AIM OF THE TASK:
Using the records below, find every line that includes "Women" and copy it.

******

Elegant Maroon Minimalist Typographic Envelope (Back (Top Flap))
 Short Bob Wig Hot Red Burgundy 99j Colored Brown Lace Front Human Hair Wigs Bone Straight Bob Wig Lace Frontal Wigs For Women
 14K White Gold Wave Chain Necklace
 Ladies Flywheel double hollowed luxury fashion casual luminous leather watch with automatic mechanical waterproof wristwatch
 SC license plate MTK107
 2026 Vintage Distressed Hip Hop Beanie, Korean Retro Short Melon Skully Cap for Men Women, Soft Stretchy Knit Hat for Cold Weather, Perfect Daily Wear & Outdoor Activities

******

TASK OUTPUT:
 Short Bob Wig Hot Red Burgundy 99j Colored Brown Lace Front Human Hair Wigs Bone Straight Bob Wig Lace Frontal Wigs For Women
 2026 Vintage Distressed Hip Hop Beanie, Korean Retro Short Melon Skully Cap for Men Women, Soft Stretchy Knit Hat for Cold Weather, Perfect Daily Wear & Outdoor Activities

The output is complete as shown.